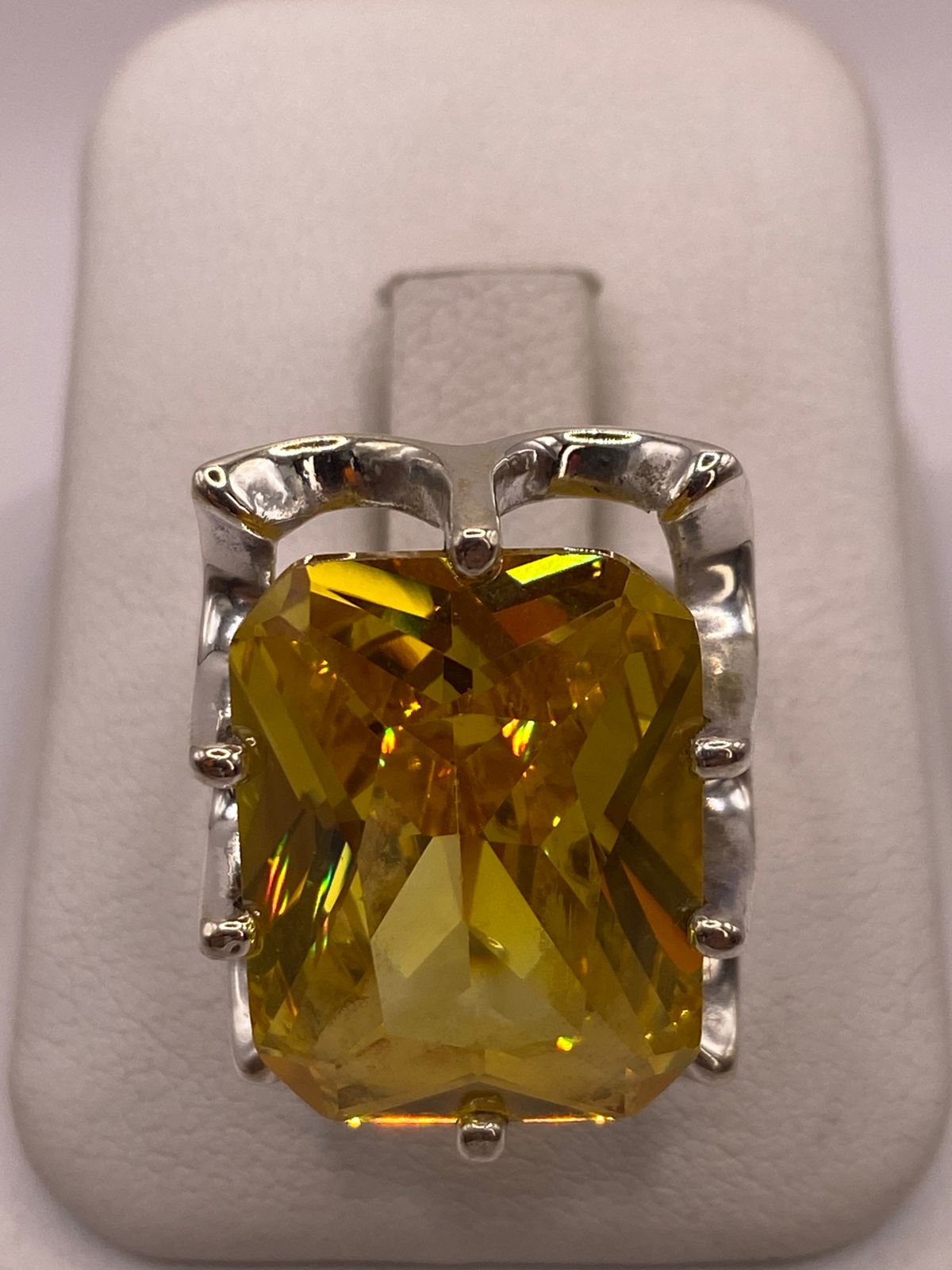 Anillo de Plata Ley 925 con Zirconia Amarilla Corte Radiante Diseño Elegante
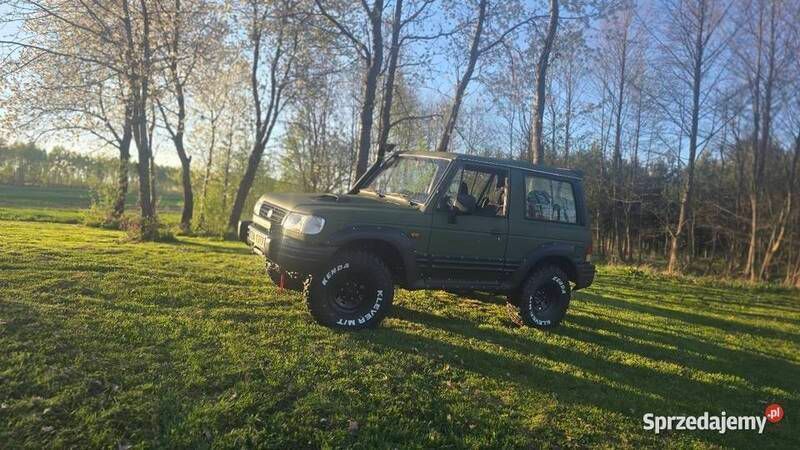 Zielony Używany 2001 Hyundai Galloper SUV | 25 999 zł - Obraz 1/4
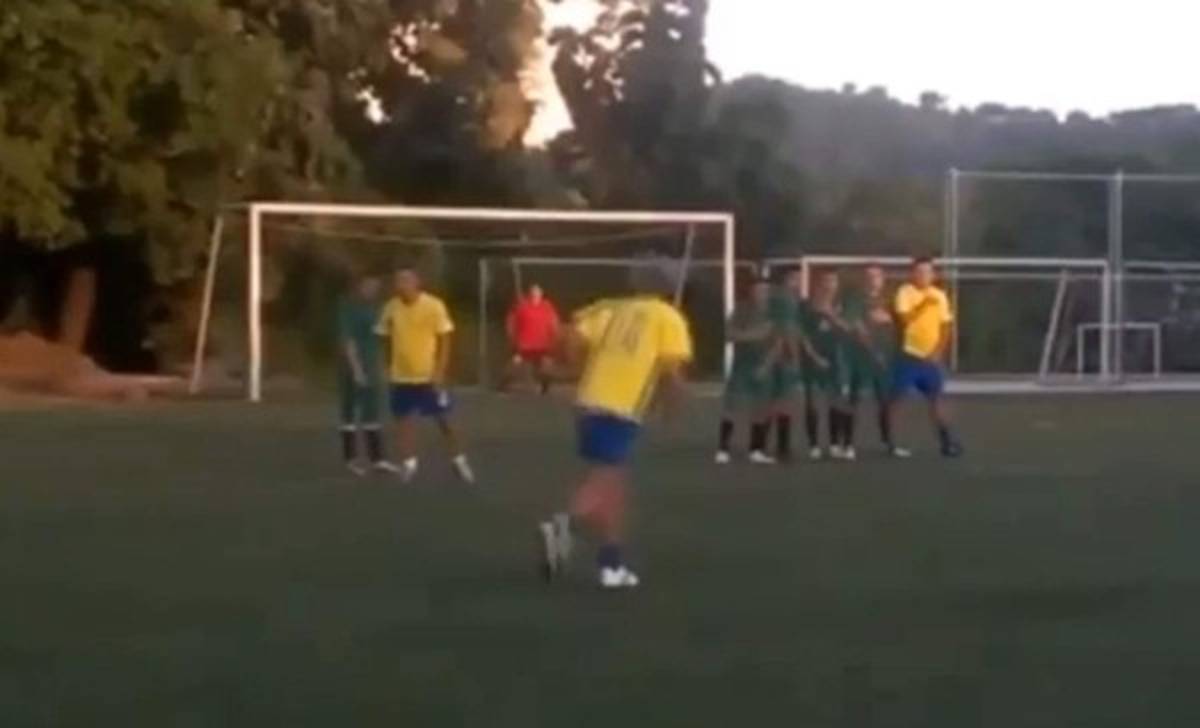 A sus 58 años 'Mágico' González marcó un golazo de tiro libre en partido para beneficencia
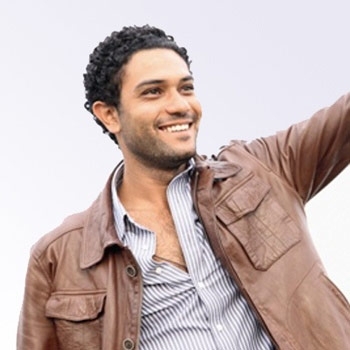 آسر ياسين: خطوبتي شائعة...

Work item -
Word for word, please, restate the lines of the listing from the one holding "Zielony Używany 2001" down to the last line, leaving out any pictures.

Exercise solution -
 Zielony Używany 2001 Hyundai Galloper SUV | 25 999 zł - Obraz 1/4
 A sus 58 años 'Mágico' González marcó un golazo de tiro libre en partido para beneficencia
 آسر ياسين: خطوبتي شائعة...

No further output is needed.